**Required work:** An exact copy of the data below is needed; please leave out any pictures.

**Input data:**
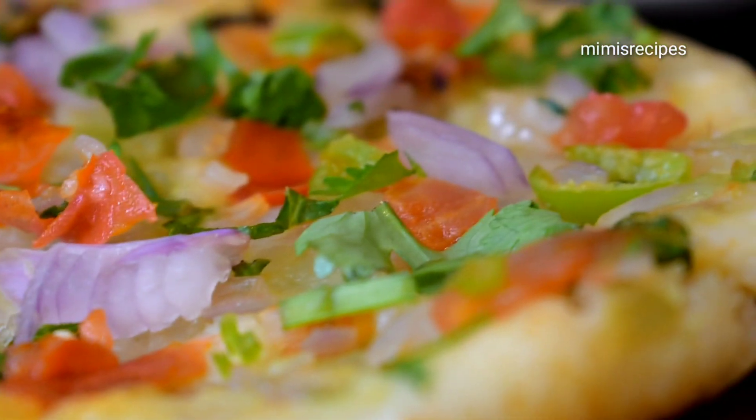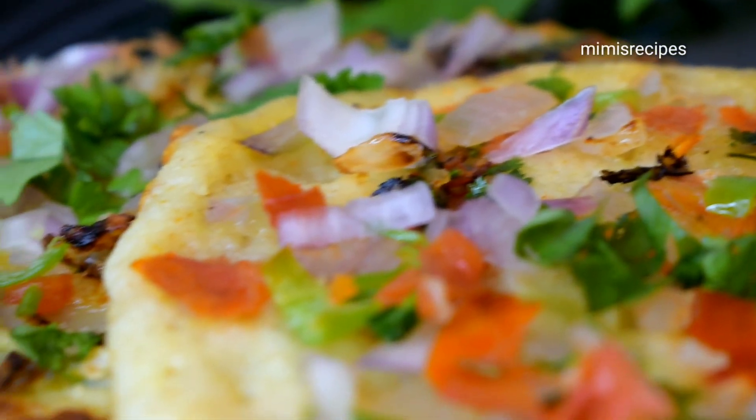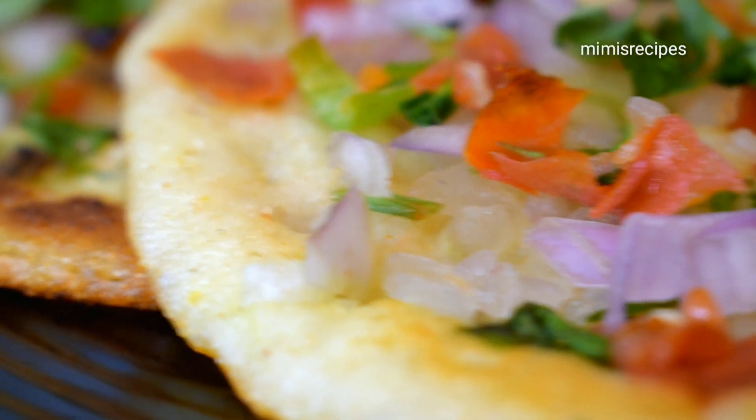Hello everyone, I hope you enjoyed this video. Today's recipe is a breakfast recipe.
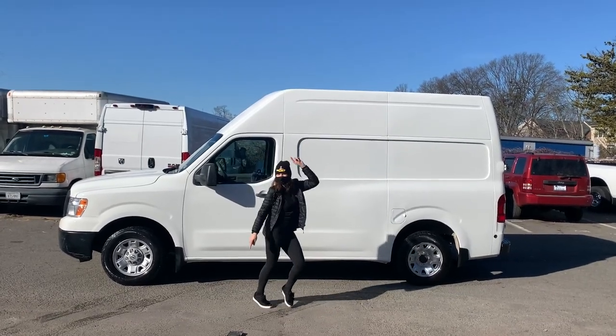I'm building a tiny vacation home on wheels.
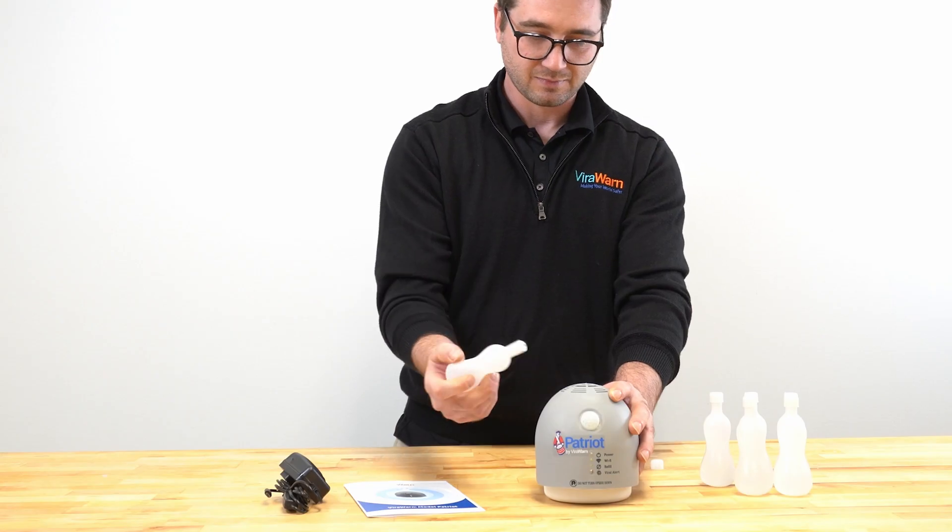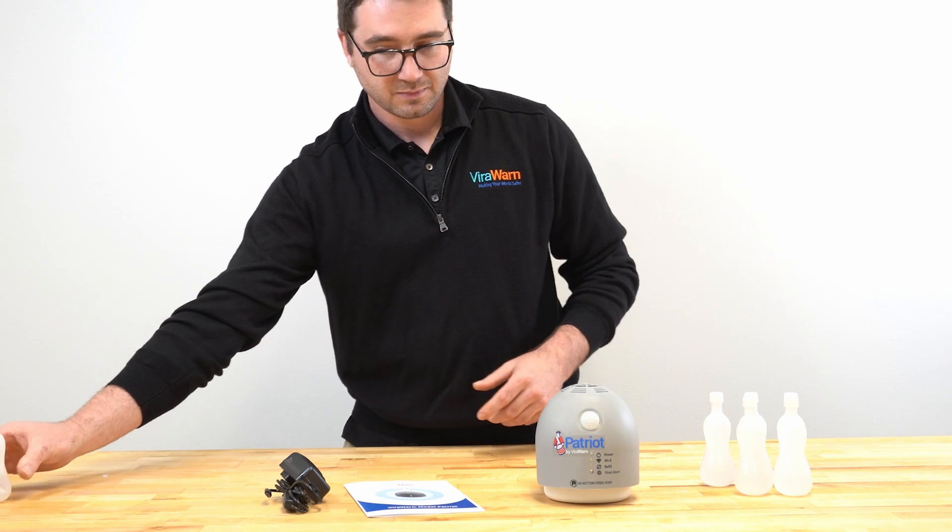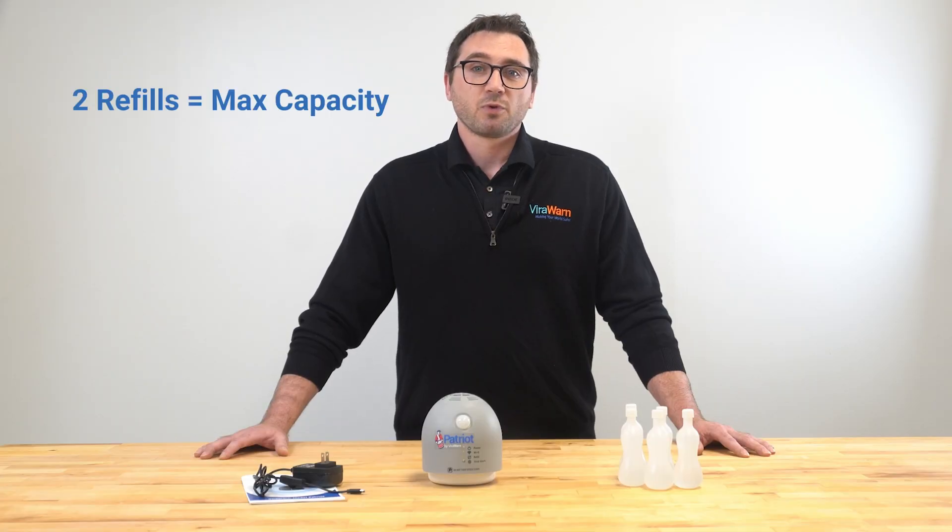When the liquid media has fully emptied from the first bottle into the device, repeat the same process with the second refill bottle. Now that the device has been filled to capacity by the two refill bottles, you can discard the empty bottles. Maximum capacity for the device is two refill bottles. Please do not overfill the detection chamber.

**Solution below:**
Hello everyone, I hope you enjoyed this video. Today's recipe is a breakfast recipe.
I'm building a tiny vacation home on wheels.
When the liquid media has fully emptied from the first bottle into the device, repeat the same process with the second refill bottle. Now that the device has been filled to capacity by the two refill bottles, you can discard the empty bottles. Maximum capacity for the device is two refill bottles. Please do not overfill the detection chamber.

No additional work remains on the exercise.